Prinsip kolegialisme menghalalkan kritik dan kebebasan akademik, sebaliknya prinsip manajerial, dalam batasan tertentu di kehidupan politik kampus, boleh dikatakan agak alergi terhadap kritik dan kebebasan akademik yang mengkritisi—atau setidaknya menyindir—berbagai kebijakan pimpinan yang dianggap kurang patut. Lagi-lagi, bisik-bisik bahwa mereka yang kritis cenderung “dipinggirkan” oleh pimpinan kampus, cukup santer terdengar.

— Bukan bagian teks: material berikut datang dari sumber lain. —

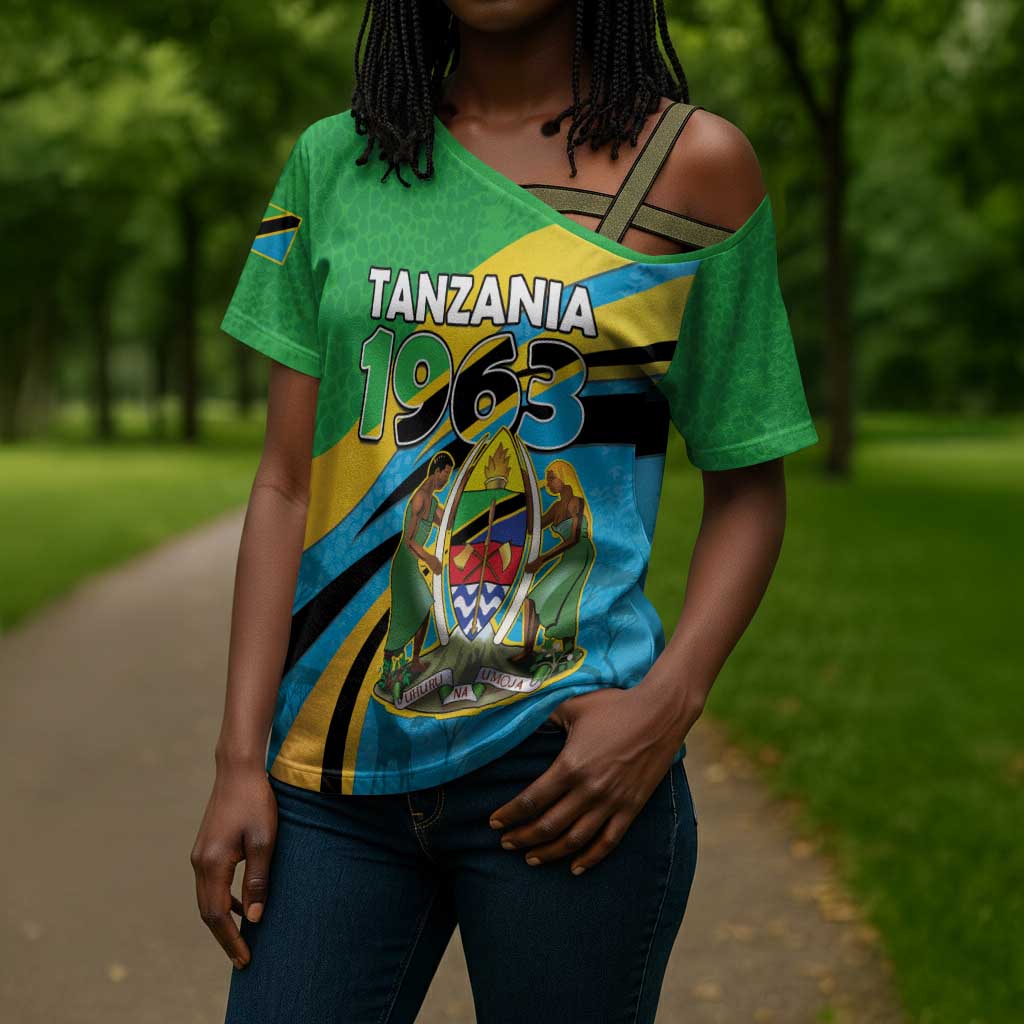 Personalized Tanzania 1963 Cross Shoulder Shirt Happy Independence Day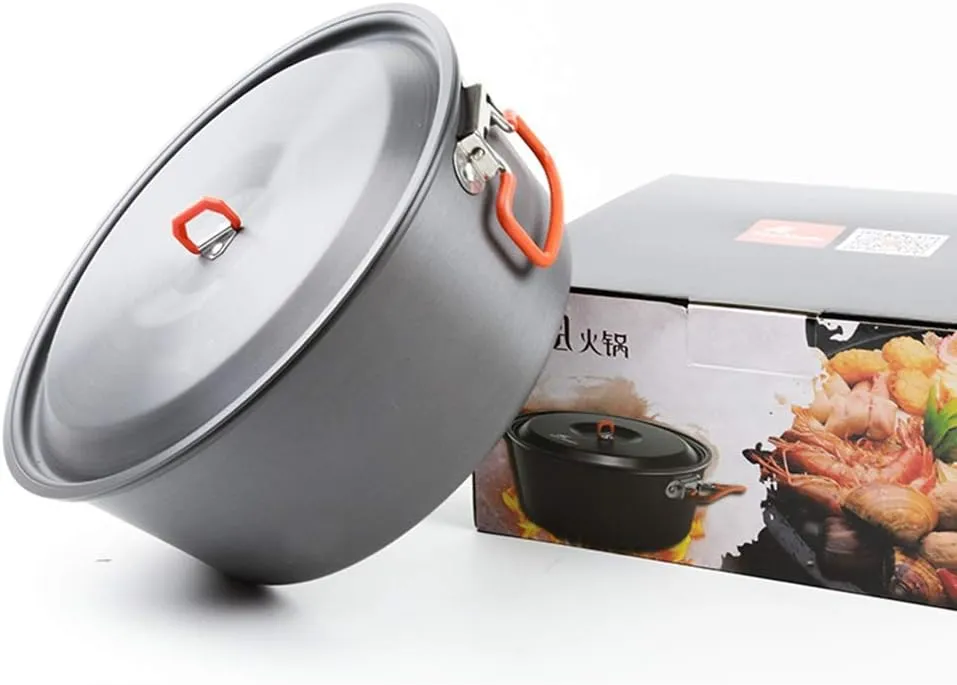 Camping Cookware Set Lightweight and Portable Aluminum Alloy Large-Capacity Courtyard Hot Pot for Trekking Hiking Picnic Pots & Pans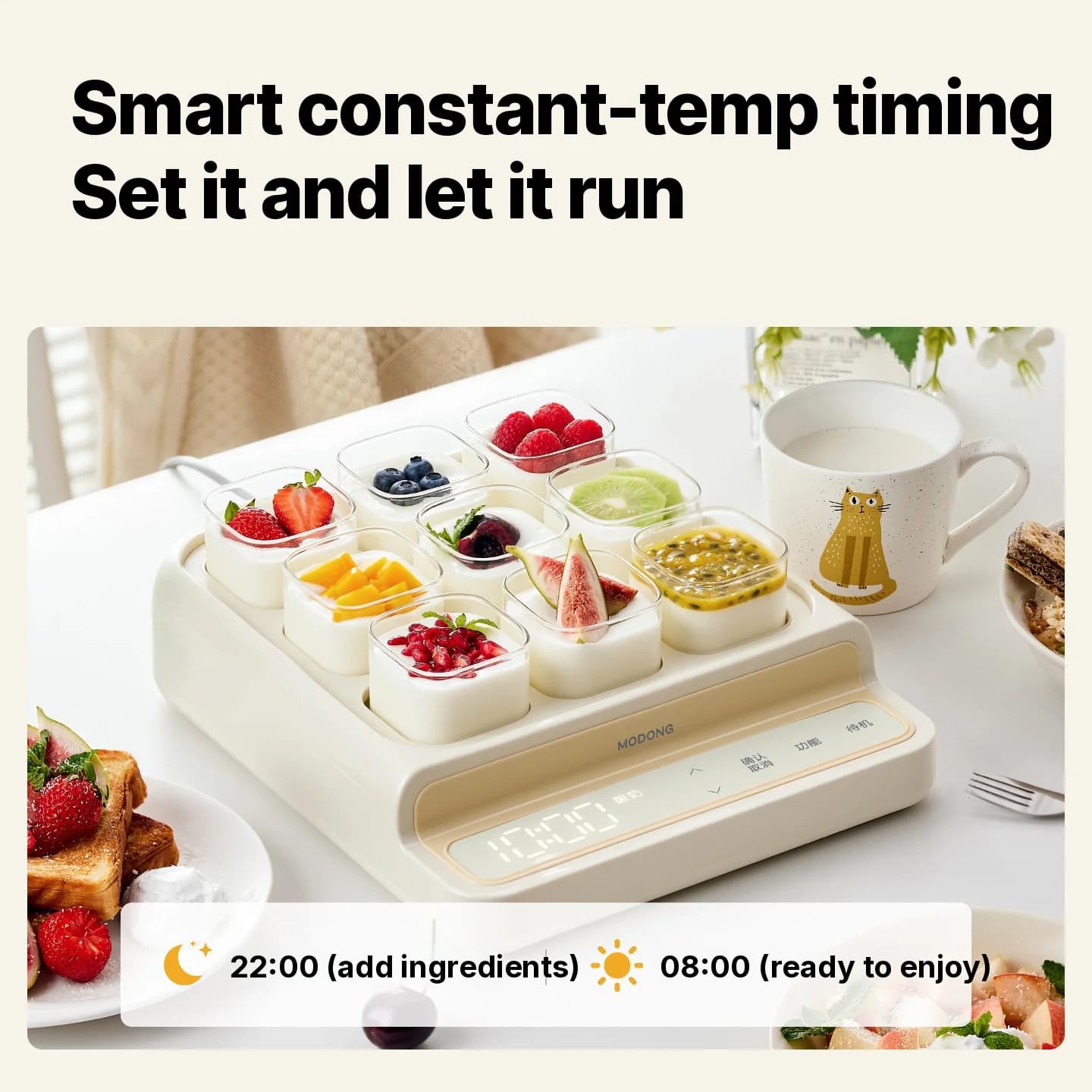 Yogurtiera a 9 Tazze con Pentola Interna in Vetro e Timer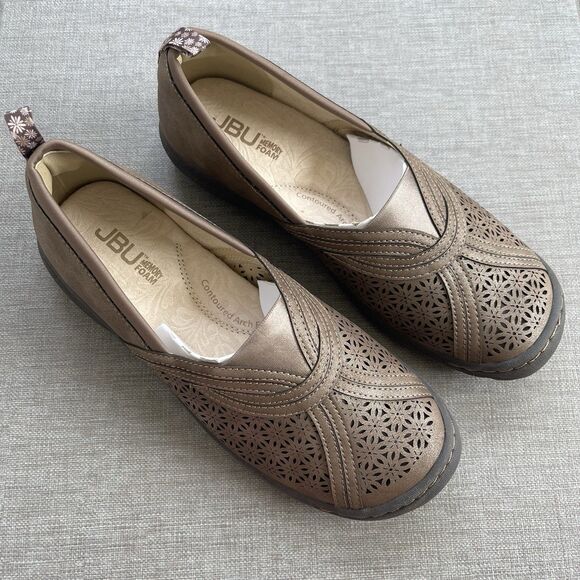 JBU Florida Casual Step-In Shoe Size 8W Mocha Brown NEW Comfort Work Neutral - Picture 1 of 15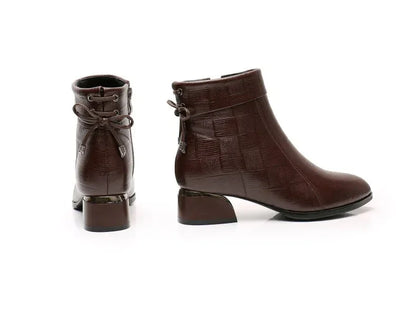 Leather Ankle Boots with Block Heel for Winter Wear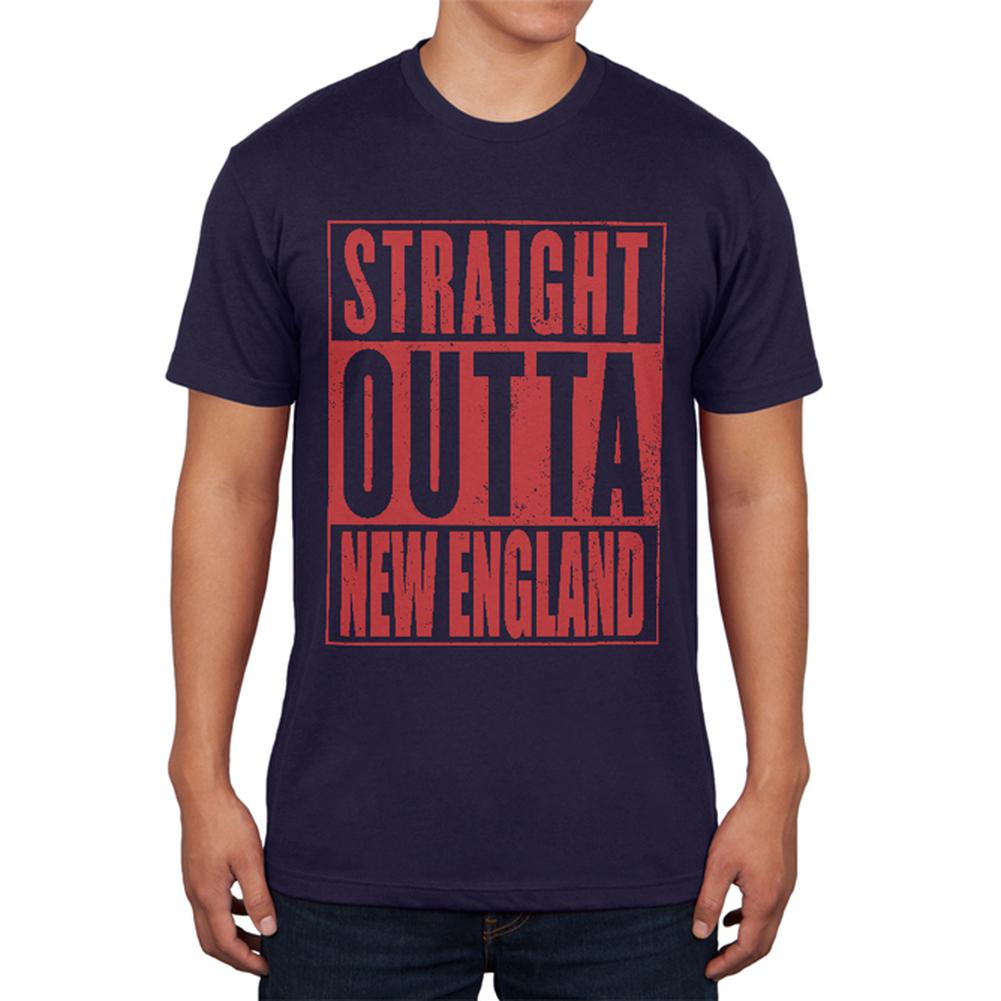 Straight Outta New England Mens T Shirt Men's T-Shirts Old Glory 2XL Navy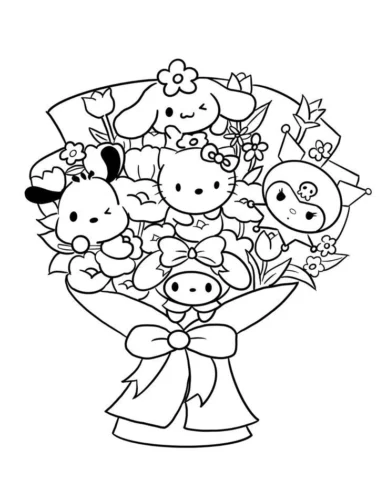 Bó hoa các bạn Sanrio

Bentuknya beragam, mulai dari mempersulit proses administrasi, mengurangi jam mengajar dan bimbingan mahasiswa, menghalangi keikutsertaan dalam sejumlah kegiatan, diskriminasi, mereduksi hak-hak tertentu namun disaat bersamaan memberatkan kewajiban, atau menghalangi karir struktural dan akademik dosen yang dianggap berseberangan dengan kebijakan pimpinan.
Dampaknya, terjadi perkubuan (in-group vs. out-group) dan silence behavior—sebuah kondisi dimana warga kampus lebih memilih diam (playing safe) ketika menyaksikan berbagai indikasi fraud, sexual abuse, moral hazard, tindakan inkompeten dan tidak professional, bahkan perilaku koruptif dari sejumlah oknum pimpinan kampus. Fenomena ini menjadi sebuah ironi ketika kampus yang identik sebagai pejuang dan penjaga demokrasi, justru menjadi institusi yang menghalangi demokrasi menyala di sendi-sendi kehidupan kampus.
Politisasi Rekrutmen dan Pengawasan
Tak ada asap jika tak ada api.
Tidak akan terjadi fakta-fakta di atas tanpa sebab. Ada dua mekanisme untuk mendapatkan sumberdaya manusia yang professional dan berintegritas. Di hulu, melalui proses rekrutmen dan penempatan. Di hilir, melalui proses pengawasan. Di perguruan tinggi negeri (PTN), boleh dibilang proses tersebut lebih baik karena regulasi yang berlapis, bahkan hingga melibatkan pihak eksternal seperti inspektorat, BPK, KPK, kepolisian, dan kejaksaan. Hal ini dikarenakan pendanaan yang berasal dari negara dan status mayoritas SDM-nya adalah aparatur sipil negara (ASN). Tetapi jumlah PTN adalah minoritas, ± 10%-an dari total kampus di Indonesia yang mencapai 4000 lebih. Sisanya adalah swasta. Problematika rekrutmen dan pengawasan paling besar—namun jarang terungkap—ada di perguruan tinggi swasta (PTS), terutama yang berstatus medioker ke bawah.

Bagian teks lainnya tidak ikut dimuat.